- RECORDS FOR THE EXERCISE -
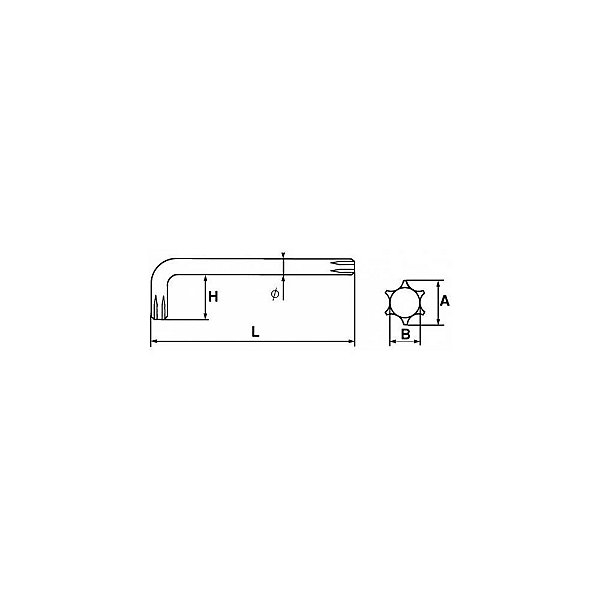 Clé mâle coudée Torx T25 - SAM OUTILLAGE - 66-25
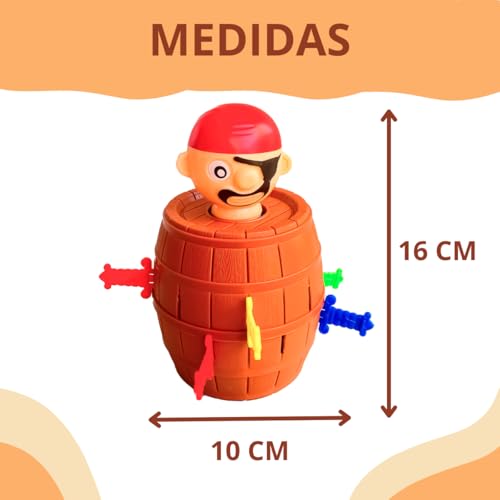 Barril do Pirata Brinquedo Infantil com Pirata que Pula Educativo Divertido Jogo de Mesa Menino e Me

...

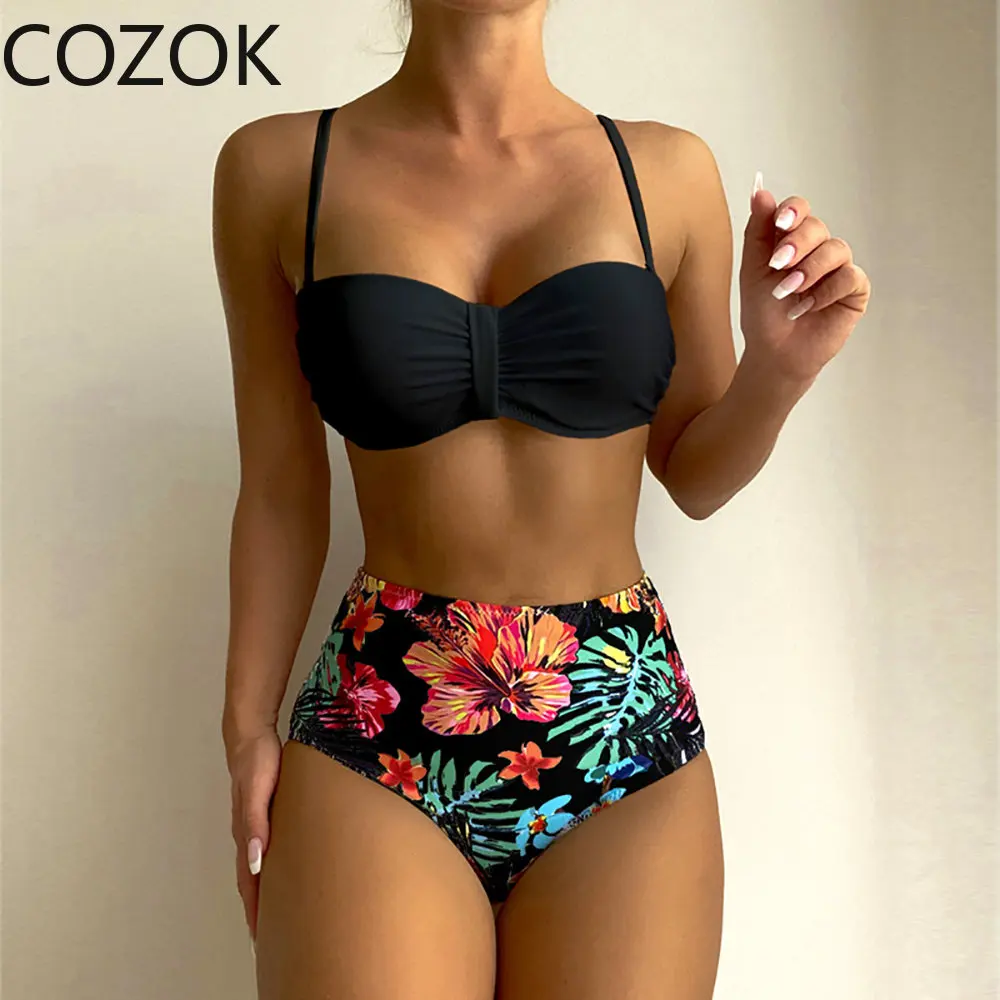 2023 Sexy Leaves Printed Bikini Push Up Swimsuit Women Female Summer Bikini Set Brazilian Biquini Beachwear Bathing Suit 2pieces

- WORK ORDER -
Look above for the line with "Clé mâle coudée" and the line with "Barril do Pirata", then restate exactly those two lines and all lines between them, with no pictures.

- TASK ANSWER -
 Clé mâle coudée Torx T25 - SAM OUTILLAGE - 66-25
 Barril do Pirata Brinquedo Infantil com Pirata que Pula Educativo Divertido Jogo de Mesa Menino e Me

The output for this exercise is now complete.